The first hearing was automatically postponed to 11 May 2018. On this occasion the Court, having heard the respective positions of the parties, postponed the case to 20 November 2020 for the oral discussion and the ruling of the sentence pursuant to art. 281 sexies of the code of civil procedure. The proceedings were postponed to 30 June 2021. At the hearing on 30 June 2021, the Court of Appeal adjourned the matter firstly until 6 July 2022, and then until 10 May 2023.

The Company did not consider cancelling the receivable or setting aside any risk provisions for two reasons:

  • the issue in question, which relates to the recognition of the amount owed by the Operator (of € 10,700,00.00) in connection with the 2007 settlement, the subject of sentence no. 304/2017 of the Court of Frosinone, appealed by Acea Ato5 to the Court of Appeal of Rome (RG no. 6227/2017), was referred to the Conciliation Board for further investigation, including legal matters;
  • The legal assessments made by the lawyers illustrate, on the one hand, the validity of the appeal and, on the other hand, the fact that the nullity of the transaction does not per se determine the non-existence of the receivable.

The validity of the appeal and of the decision not to cancel the receivable were further confirmed by the conclusions of the Conciliation Board, established by the Area Authority and the Operator, in accordance with the provisions of article 36 of the Management Agreement, in order to reach a settlement of the various disputes pending between the parties.

At the hearing on 6 July 2022, the Court of Appeals adjourned the hearing ex officio to 10 May 2023.

In the Conciliation Proposal sent to the parties on 26 November 2019, previously approved by the Board of Directors of the Company on 19 December 2019 and currently being examined by the Mayors’ Conference of OTAA5, the Conciliation Board has in fact, among other things:

  • ascertained the existence of significant differences between the concession fees approved in the various tariff arrangements and the amounts to be paid to the Municipalities.

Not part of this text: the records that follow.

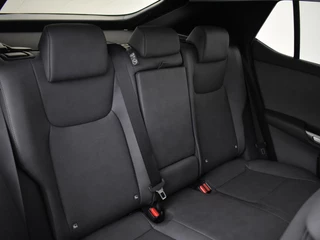Lexus RZ Lexus RZ 450e Executive Line | Pano dak | Premium Pack - afbeelding nr 25
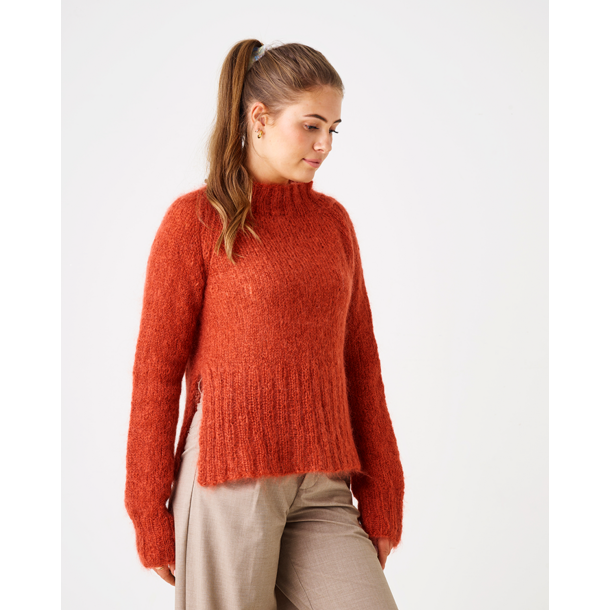 Bella By Permin - Raglansweater med slidser - Enkeltopskrift 893294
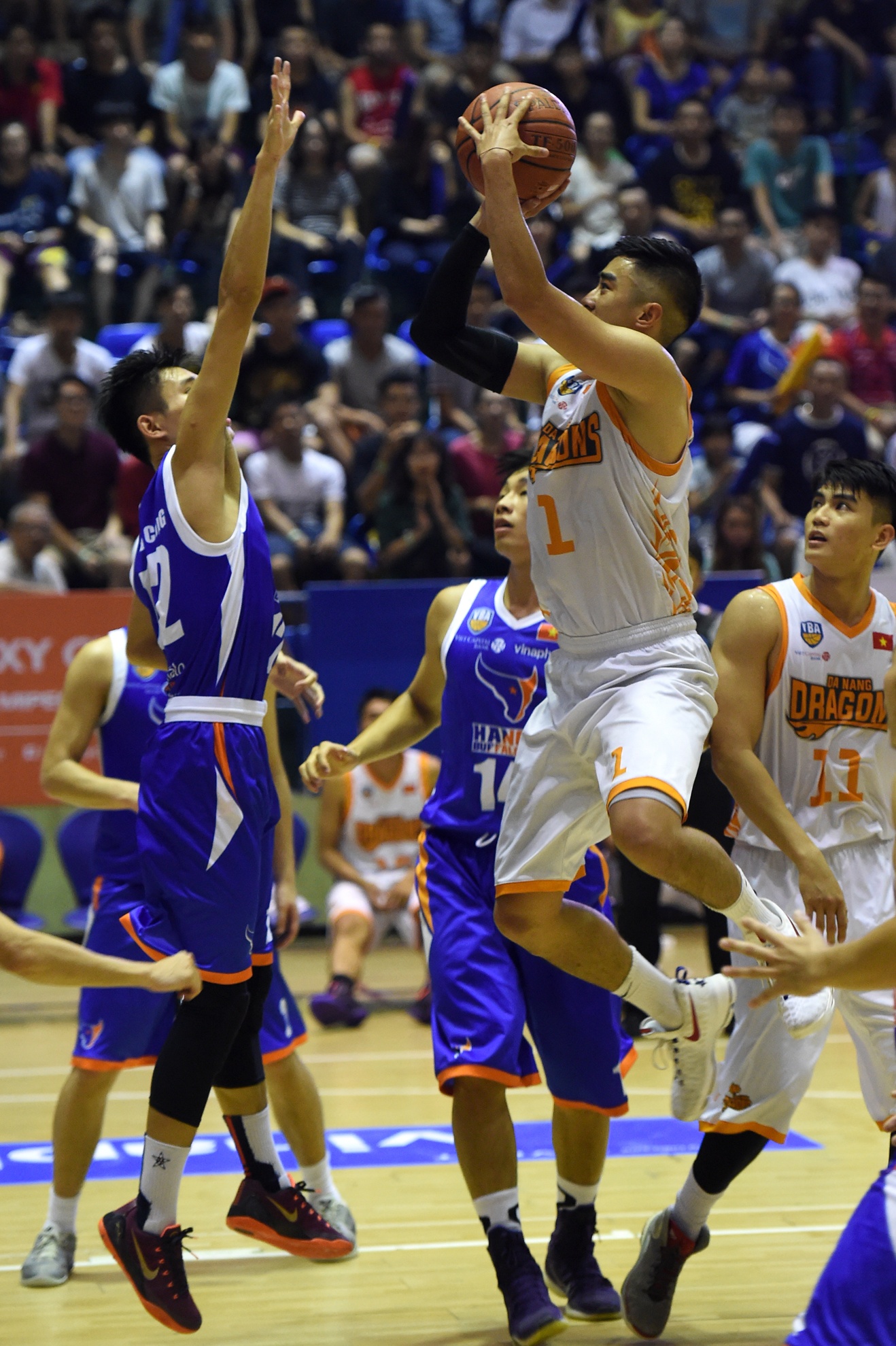 Hanoi Buffaloes thang kich tinh DaNang Dragons anh 5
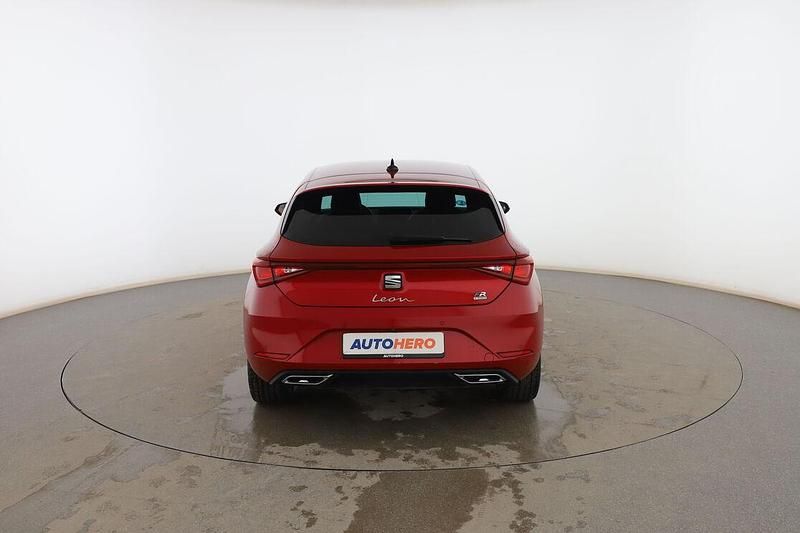 Usado Seat Leon FR 204 CV (150 kW) 2021 Rojo Berlina
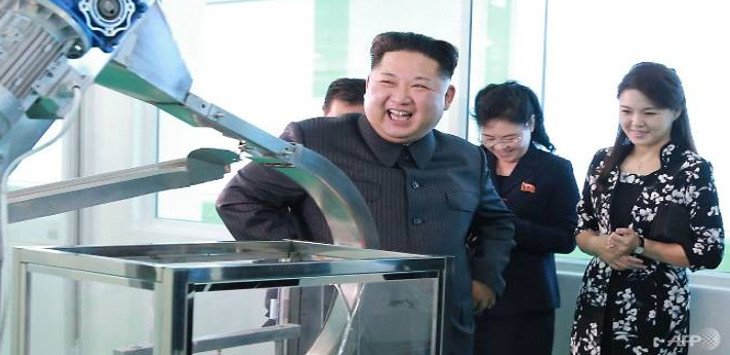 Bukan Rudal, Kim Jong Un Beserta Istri Kunjungi Pabrik Kosmetik
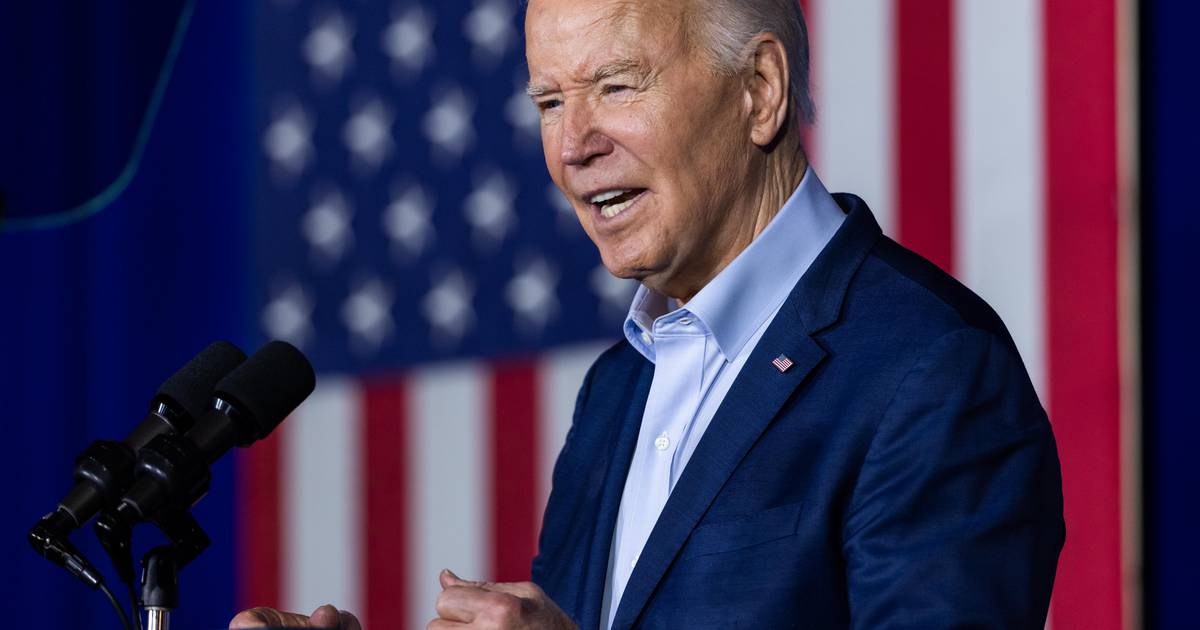 The US intensifies its war with China: Biden seeks to triple tariffs on steel imports to 25%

In the opinion of the Board, the actual existence of such differences leads one to believe that Resolution no. 4/2007 of the Area Authority was based on credible elements, also found afterwards, where it identified the “savings on the concession fees to be paid to the Municipalities” (which could constitute the financial funding to pay a loan stipulated by the Area Authority) as the financial coverage for the payment to the Operator of the sums envisaged in the settlement. This conclusion, highlighting the plausibility of the sources of coverage identified by the Area Authority to finance the settlement, confirms the validity of the appeal filed by the Company against sentence no. 304/2017, by which the Court of Frosinone declared the nullity of Resolution no. 4/2007 of the Area Authority and of the settlement agreement precisely because of the alleged failure to identify the related financial coverage in violation of the disclosure regulations, since the reference to “unspecified savings on the concession fees to be paid to Municipalities” was not considered adequate and sufficient;
  • considered that there are valid and grounded reasons to grant the Operator’s request for recognition of higher operating costs incurred in the three-year period 2003-2005 to the reduced extent agreed to by the parties in the settlement, thus confirming the existence of the corresponding receivable in the Company’s financial statements.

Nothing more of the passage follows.